Mungkin penulis asli pesan itu lupa bahwa tidak harus bukan berarti tidak boleh, dan bisa jadi dirinya juga punya keserakahan yang harus dijinakkannya daripada menghujat pihak lain. Mungkin penulis asli pesan itu lupa bahwa kebenaran tidak boleh dilakukan dengan cara yang tidak benar. Mungkin penulis asli pesan itu lupa bahwa amar ma’ruf nahi mungkar harus dilakukan dengan ma’ruf, bukan dengan cara mungkar. Mungkin penulis asli pesan itu lupa jika tiap kata, tiap tulisan, tiap perbuatan, dan bahkan tiap motif atau tujuan yang disembunyikan nanti akan dimintai pertanggung jawaban di hari kemudian. Mungkin bila penulis asli pesan itu membaca artikel ini bisa jadi ia akan murka, meskipun artikel ini ditulis dan dipublikasi setelah penulisnya mendoakan kebaikan pada pengirim pesan itu tanpa kebencian sedikitpun dan menganggapnya sebagai saudara.

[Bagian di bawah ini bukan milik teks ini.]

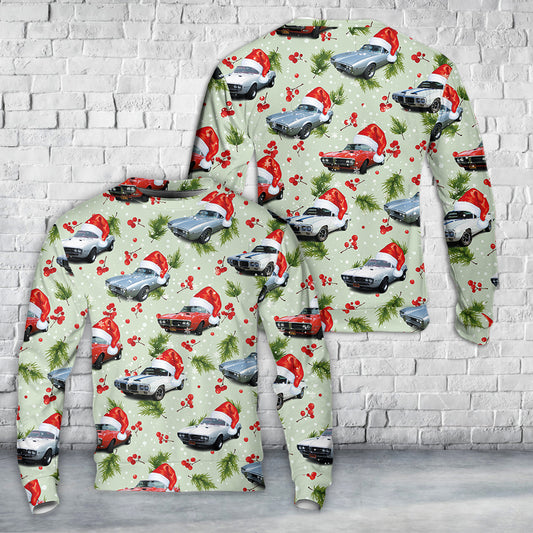Pontiac Firebird First generation (1967-1969) Christmas AOP Sweater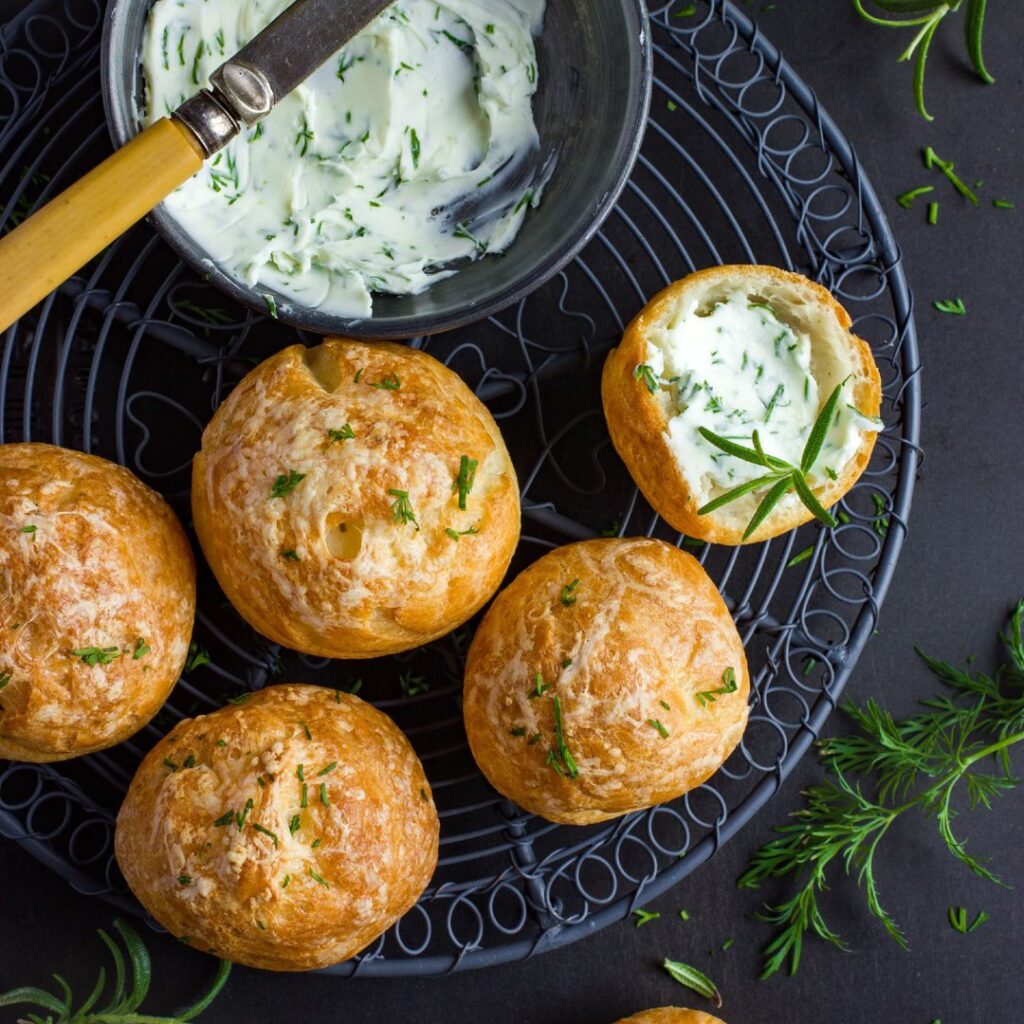 Gougères au fromage facile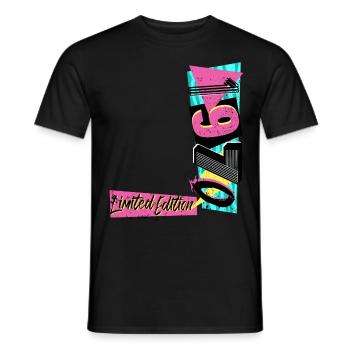 Édition limitée 1970 Année 1970 Années 80 90 - T-shirt homme - noir - Devant - AI Model Male 178 light (178cm)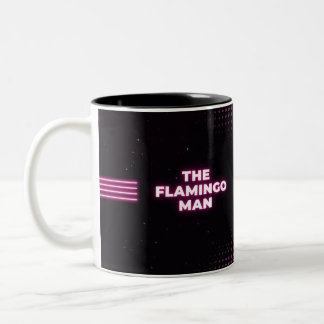 Het Flamingo Man en Lady Rosé Tweekleurige Koffiemok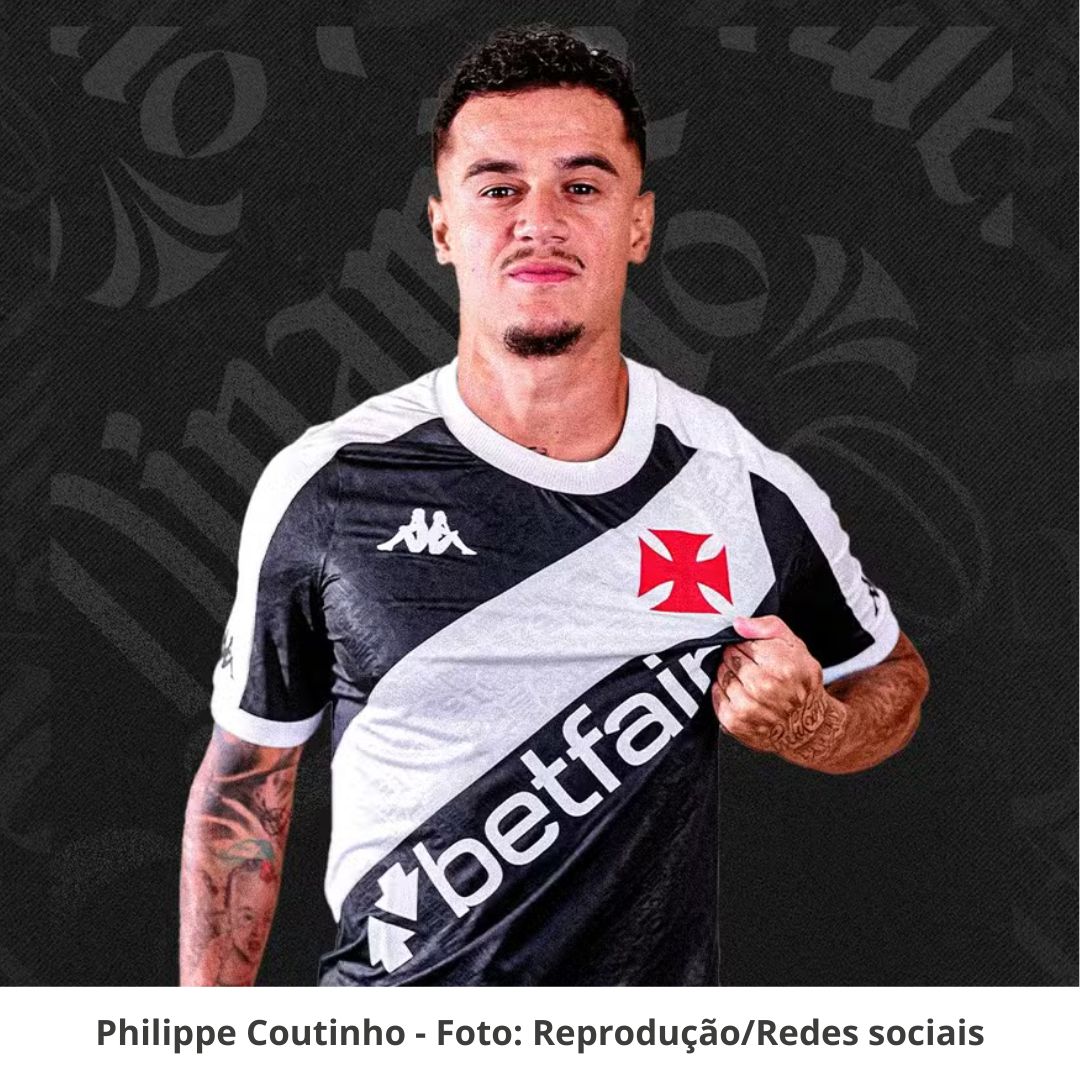 Philippe Coutinho é o novo reforço do Vasco — Foto ReproduçãoRedes sociais (2)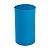 CESTO PLÁSTICO SEM TAMPA 022 LITROS 50CM ALTURA AZUL JSN - Imagem 1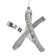 Lamp Bayerlux 86002/1 LED 22W 4000k chrome 28x15x10-110 cm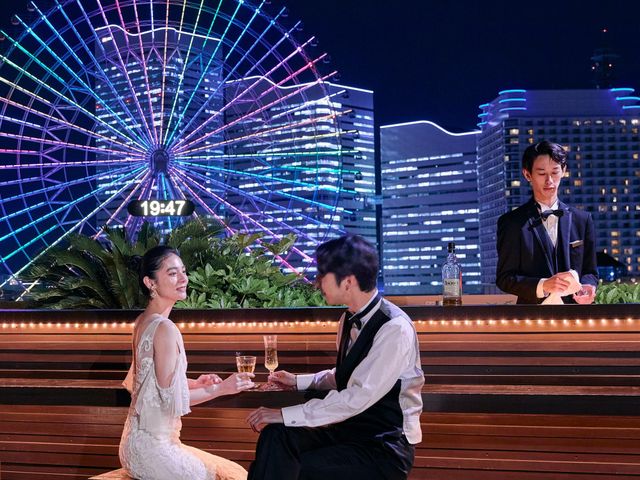 みなとみらいを望むパノラマ・ウエディング体験
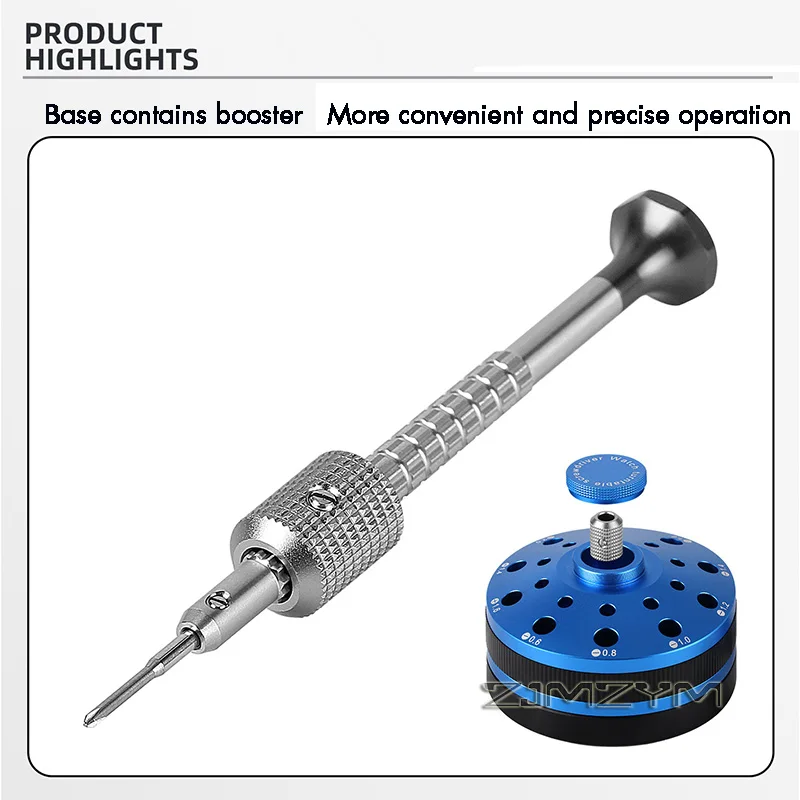 Precision Screwdriver Set with Rotating Stand Stainless Steel Tools for Cell Phone Laptop Watch Glasses Repair
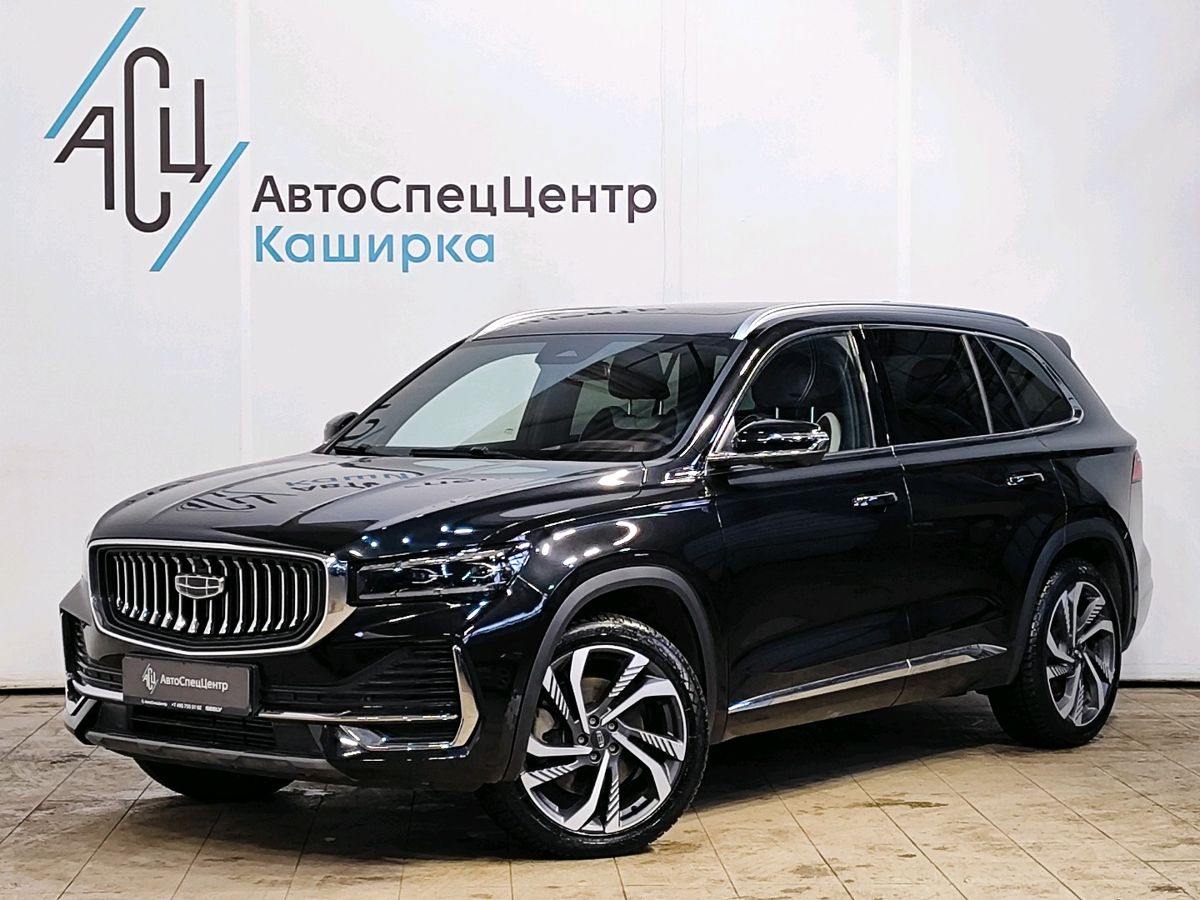 Автомобиль Geely Monjaro I поколение 2.0 AT 4WD (238 л.с.) Flagship (2023) Чёрный 2023 с пробегом 27 378 км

Walhasil, di NU tidak ada ideologi dan ajaran hujatan. Tapi di satu sisi NU harus beradaptasi dengan kemajuan zaman, salah satunya perkembangan teknologi informasi dan media sosial. Maka memakmurkan akun-akun media sosial komunitas yang dimiliki NU –baik secara struktural maupun kultural di berbagai tingkatnya—dengan konten yang positif, produktif, solutif, dan menyejukkan dalam bingkai pemahaman ahlussunnah wal jamaah al-nahdliyah merupakan agenda yang tidak bisa ditawar dan harus didukung secara nyata oleh semua pihak. Tentu kita tidak ingin ada orang atau pihak-pihak yang dengan seenaknya mencatut nama NU dalam hujatannya, apalagi dengan agenda, misi, motif, tujuan, dan kepentingan yang berlawanan dengan tujuan NU didirikan. Tentu kita juga tidak perlu membenci orang atau pihak-pihak yang punya kesenangan dan hobi seperti itu, karena NU tidak mengajarkan warganya untuk benci kepada sesama umat manusia. Kita hanya mendoakan kebaikan pada orang atau pihak-pihak seperti itu, seraya mengajaknya untuk mengalihkan potensi, bakat, dan hasrat kepenulisannya di media sosial menjadi lebih positif, produktif, dan mencerahkan. Moga Allah subhanahu wa ta’ala menolong dan memudahkan kita semua sehingga omongan, tulisan, perbuatan, dan getar suara hati kita merupakan amal yang bernilai ibadah di sisi-Nya, aamiin. Wallahu a’lam bishshawab.